7. Raju told the investigators that by selling Maytas Infrastructure and Maytas Properties to
Satyam for an estimated 7800 crores, he tried to replace fictitious assets with real ones. But
the proposal fell through and Raju resigned.
Major Governance Issues
Few months before the Satyam Scam broke out, the World Council for Corporate Governance chose
Satyam for prestigious "Golden Peacock Award for Excellence in Corporate Governance". It is
certainly a strange paradox. After the scam broke out multiple flaws in corporate governance came
to light. Some of these are:
1. BOD failed in its fiduciary duty: Satyam's BOD never questioned Raju on murky group
investments. Though there were six non-executive directors on the BOD, they failed to check
Raju's misdeeds.
2. Dubious role of auditors: The auditors were paid very high audit fee as compared to other
auditors by the companies in the same industry? They skipped basic audit procedures like
confirming bank balances independently, proper vouching of invoices and even debtors'
contraptions were not obtained. PWC failed in their duty as an auditor
3. Concentration of power in the hands of Chairman: Raju was responsible for maintaining
complete details of Satyam's accounts and minutes of Board's meeting since 2002. He
himself handed over the bank statements to accountants and auditors. Concentration of
power in Chairman's handled to revenues, operating profits, interest, liabilities and cash
balances being grossly inflated to show company in good health.
4. Unethical conduct: The promoters incorporated more than 350 companies. There were
several transactions in the form of inter-corporate loans and investments within group
companies. They connived with some top executives and auditors to misrepresent facts and
present manipulated accounts to shareholders, BOD, stock exchanges, investors, bankers
and other stakeholders. Raju and other promoters got involved in insider trading.
Investigators also came across evidence of inclusion of fake employees, the actual number
of employees was found to be 40,000 against 53,000 claimed by SCSL. Raju had been alleged
withdrawing an amount of Rs 20 crores every month for paying salaries to these 13,000 non-
existent, fictitious employees.
Aftermath
1. In April 2009, 46% stake in Satyam was purchased by Tech Mahindra and both the
companies legally merged in June 2013,
2. The consequences were faced by wrongdoers and Indian Government acted proactively to
protect the interests of investors and reputation of IT companies.
3. In 2016, Raju and his associates were sentenced to seven years of imprisonment by the
court as they were found guilty of window dressing of accounts.
4. Price Waterhouse Coopers, auditors of SCSL were fined $ 6 million by the SEC, US for
professional misconduct. The Disciplinary Committee of ICAI found the four auditors of PWC,
who audited Satyam's accounts, guilty of gross negligence in discharge of their duties. They
have been debarred from practicing as Chartered Accountants.

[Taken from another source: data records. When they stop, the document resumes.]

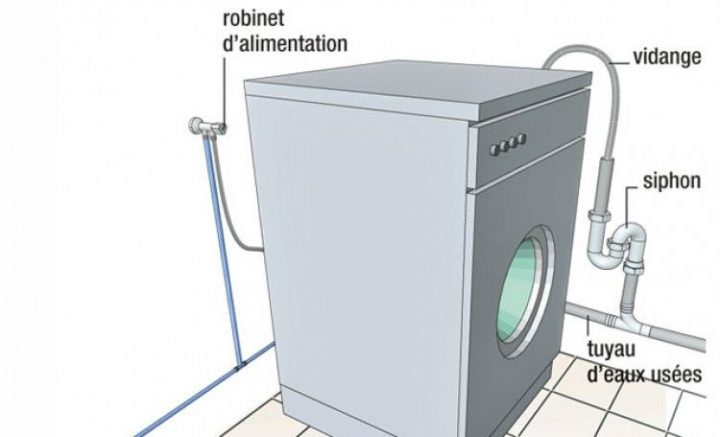Réussir Le Branchement D'Un Lave-Linge | Machine À Laver intérieur Installer Lave Vaisselle Sous Un Evier Branchement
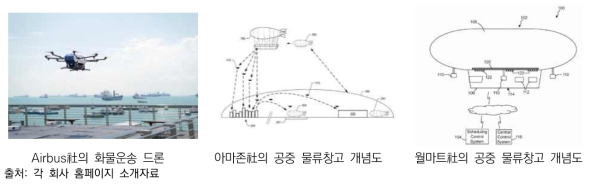 국외 글로벌 유통사의 드론을 활용한 유통 시스템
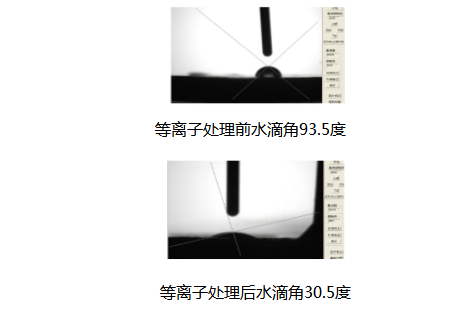 汽車天窗PP塑膠件樣品經(jīng)等離子清洗設(shè)備處理前后對比-普樂斯等離子清洗機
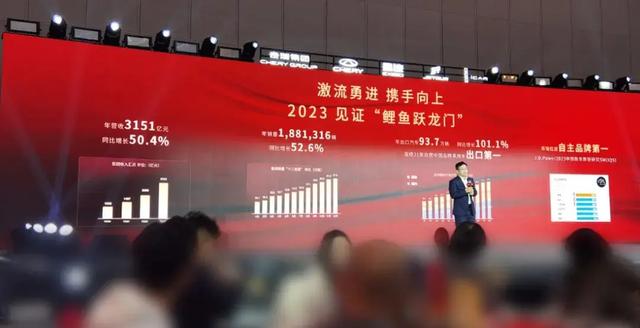 自立品牌排名剧变，偶瑞跃降，2024年推41款新车-2.jpg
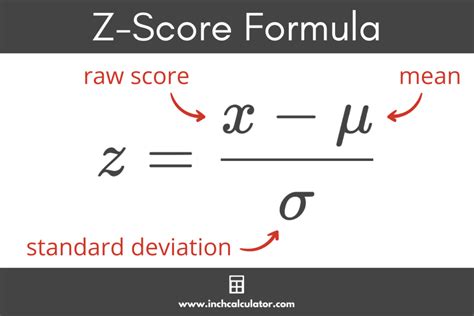 Z Score Calculator With Formulas And Steps Inch Calculator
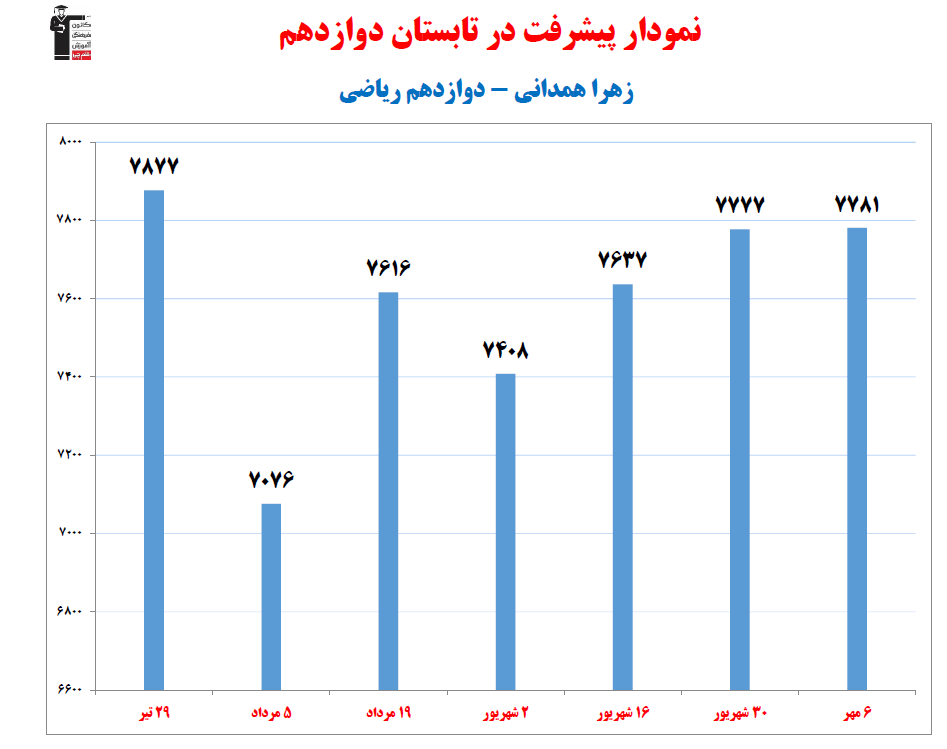 زهرا همدانی رتبه 5 منطقه 2 کنکور ریاضی 1404 (1 سال، 17 آزمون)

5. The Indian Government and SEBI have taken a slew of measures to improve corporate
governance standards in India
COMMON GOVERNANCE PROBLEMS NOTICED IN CORPORATE
FAILURES
CRISIL has analysed the reasons of corporate failures. Its analysis has revealed that they are largely
attributable to shortcomings in corporate governance practices. The broad areas of failure are:
➢ Accounting frauds carried out in collusion with statutory auditors.

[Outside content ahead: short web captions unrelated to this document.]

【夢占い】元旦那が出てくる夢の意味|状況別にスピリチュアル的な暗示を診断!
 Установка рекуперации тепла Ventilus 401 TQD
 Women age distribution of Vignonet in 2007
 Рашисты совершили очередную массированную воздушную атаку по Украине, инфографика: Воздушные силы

➢ Lack of independence of the board with board members having significant financial linkages
with the companies.
➢ Insider trading.
➢ Disproportionate compensation paid to executive board members and senior management.
➢ Fiduciary failure by the board to exercise care and diligence in approving proposals, even
though all the information was provided by the management.
➢ Weak internal control mechanisms and lack of supervision.
This governance issues are common to corporate failures whether in India or anywhere else in the
world. Regulations are evolving to address them.